# Wrong broth!



## maraki1818

Hi!

I accidentally used beef broth instead of chicken in a chicken soup... is it going to taste really weird?

Freaking out a little!


----------



## Aunt Bea

I don't think it will make much difference!


----------



## maraki1818

Thank you!

I really hope not! 





Aunt Bea said:


> I don't think it will make much difference!


----------



## maraki1818

Love the picture by the way haha 

Thanks for lightening the mood lol I was stressing.



maraki1818 said:


> Thank you!
> 
> I really hope not!


----------



## menumaker

It will be fine. A slightly stronger flavor perhaps but I'm sure it will still be delicious. You could always quickly cook a few diced vegetables of your choice ( or what you have hanging around,) and a bit of fried onion and HEY PRESTO! wholesome vegetable soup. No apologies or excuses needed.


----------



## menumaker

I mean wholesome  chicken and vegetable soup naturally !


----------



## Mad Cook

maraki1818 said:


> Hi!
> 
> I accidentally used beef broth instead of chicken in a chicken soup... is it going to taste really weird?
> 
> Freaking out a little!


Not nearly as weird as when I did the same thing with fish stock in chicken soup!. After that I learned to label things I put in the freezer!

Seriously, I wouldn't worry.
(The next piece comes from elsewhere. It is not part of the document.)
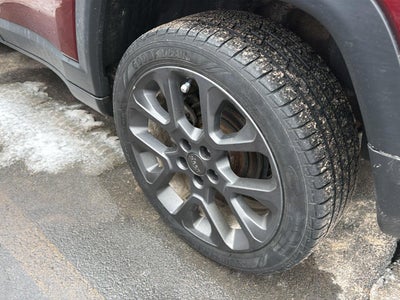 2021 Jeep Compass 80th Anniversary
The other ingredients will compensate for the beef stock and mellow the flavour. Just serve it up and say nothing and they won't know.


----------



## maraki1818

It tasted great! Yay!

Thanks for the encouragement and suggestions everyone!


----------



## Dawgluver

So glad it worked out for you!


----------



## CarolPa

I think a lot of new recipes came about by people using the wrong ingredient and having it turn out great!


----------



## Andy M.

maraki1818 said:


> Hi!
> 
> I accidentally used beef broth instead of chicken in a chicken soup... is it going to taste really weird?
> 
> Freaking out a little!



Not weird at all unless you continue to call it chicken soup.  Maybe you should call it beef and chicken soup and have an answer ready when someone asks, "Where's the beef?"


----------



## Addie

If you combine equal amounts of beef and chicken broth, you will have a mock veal broth. It is a little stronger then chicken, but not as overtaking as beef. I have done this many times. 

Veal bones are very hard to find. So this is a second choice. And should you in error use the wrong broth, as our first poster did, you can correct it very easily to a pleasant tasting broth.


----------